_Data records_.
——

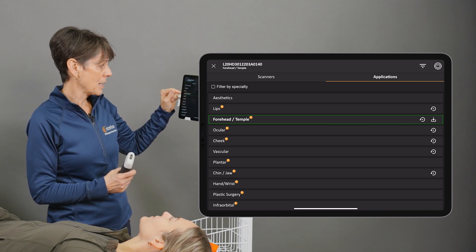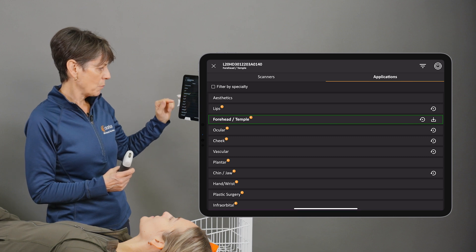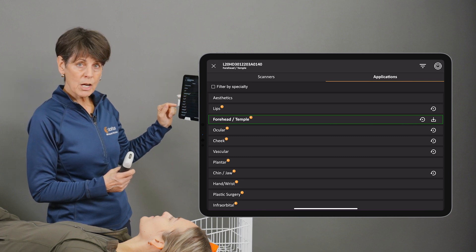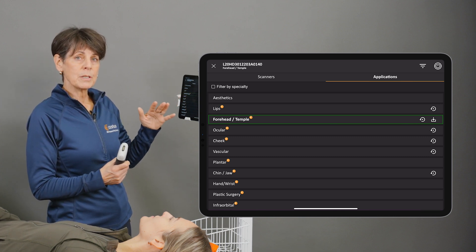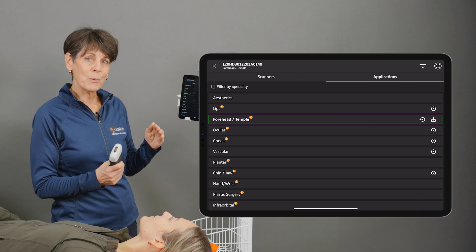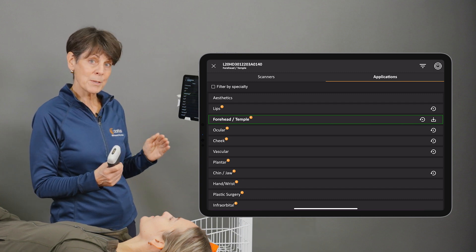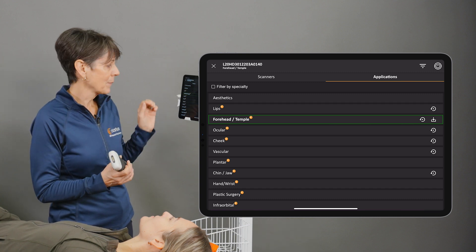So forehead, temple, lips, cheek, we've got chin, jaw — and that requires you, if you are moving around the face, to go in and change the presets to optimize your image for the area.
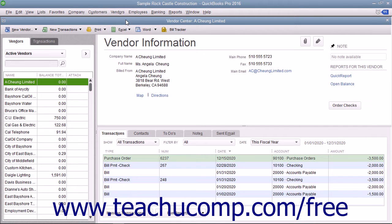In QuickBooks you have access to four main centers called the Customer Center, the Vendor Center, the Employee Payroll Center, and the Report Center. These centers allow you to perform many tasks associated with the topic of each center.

——

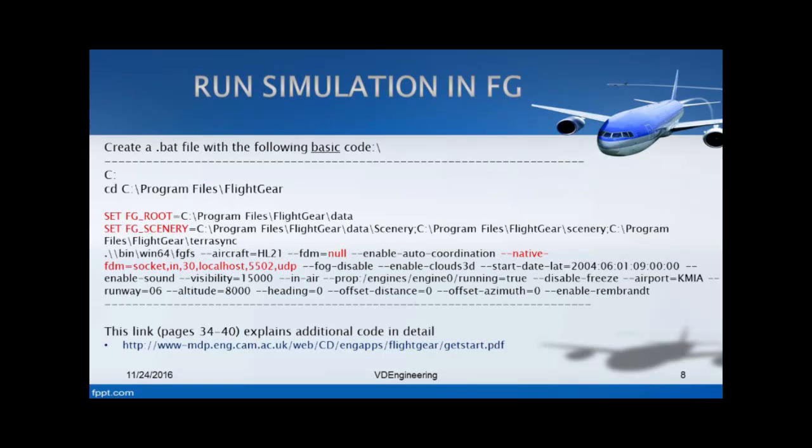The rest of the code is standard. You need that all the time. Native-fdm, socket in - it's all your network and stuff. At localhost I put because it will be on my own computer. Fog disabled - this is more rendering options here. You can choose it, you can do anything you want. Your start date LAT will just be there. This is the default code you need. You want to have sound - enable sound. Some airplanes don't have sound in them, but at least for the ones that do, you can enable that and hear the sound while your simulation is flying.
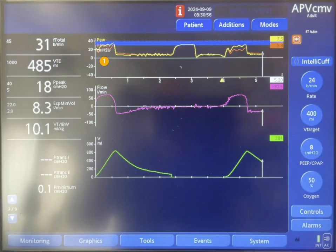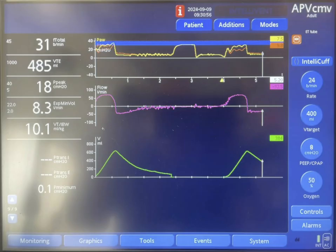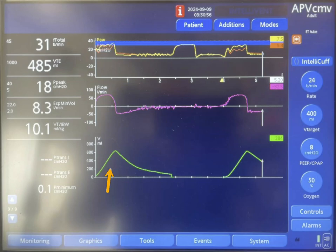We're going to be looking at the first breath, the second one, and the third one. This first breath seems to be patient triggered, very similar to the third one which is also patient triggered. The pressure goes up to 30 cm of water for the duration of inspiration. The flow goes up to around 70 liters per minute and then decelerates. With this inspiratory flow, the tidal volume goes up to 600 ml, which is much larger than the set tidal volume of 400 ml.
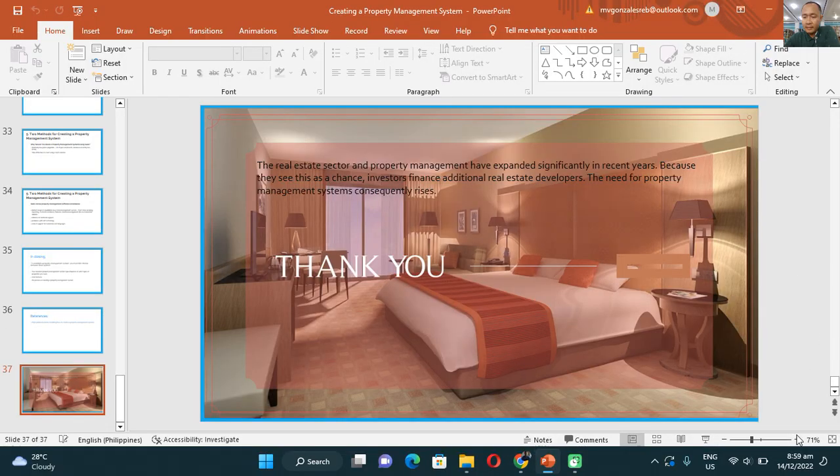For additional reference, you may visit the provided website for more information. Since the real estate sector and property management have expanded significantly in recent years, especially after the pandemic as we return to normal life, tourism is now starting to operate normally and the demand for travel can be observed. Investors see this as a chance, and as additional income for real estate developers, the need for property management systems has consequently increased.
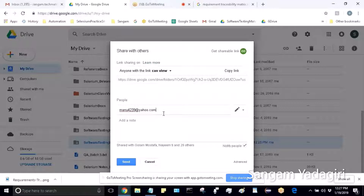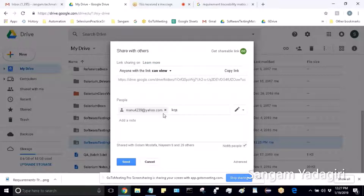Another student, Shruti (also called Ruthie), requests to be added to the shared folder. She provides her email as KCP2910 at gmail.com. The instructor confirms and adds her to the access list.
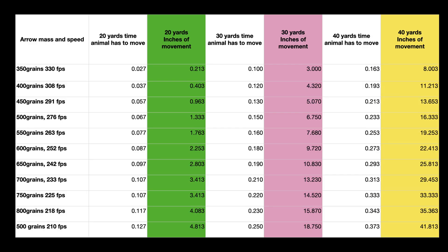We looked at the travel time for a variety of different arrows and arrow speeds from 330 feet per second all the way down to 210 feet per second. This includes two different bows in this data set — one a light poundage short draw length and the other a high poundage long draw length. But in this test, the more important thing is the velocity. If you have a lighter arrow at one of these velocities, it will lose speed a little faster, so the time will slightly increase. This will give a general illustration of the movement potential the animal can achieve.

——

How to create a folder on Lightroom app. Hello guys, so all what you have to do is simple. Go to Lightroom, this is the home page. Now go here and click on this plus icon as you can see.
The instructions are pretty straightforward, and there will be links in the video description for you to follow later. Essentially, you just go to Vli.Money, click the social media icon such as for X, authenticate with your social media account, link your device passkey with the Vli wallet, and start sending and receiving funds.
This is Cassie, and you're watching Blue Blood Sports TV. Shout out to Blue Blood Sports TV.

——

_Task directions_. In the listing above, find the line containing "So forehead, temple, lips, cheek, we've" and the line containing "In QuickBooks you". Reproduce those lines and all between them exactly, with no pictures and nothing more.

_Response for this exercise_.
So forehead, temple, lips, cheek, we've got chin, jaw — and that requires you, if you are moving around the face, to go in and change the presets to optimize your image for the area.
In QuickBooks you have access to four main centers called the Customer Center, the Vendor Center, the Employee Payroll Center, and the Report Center. These centers allow you to perform many tasks associated with the topic of each center.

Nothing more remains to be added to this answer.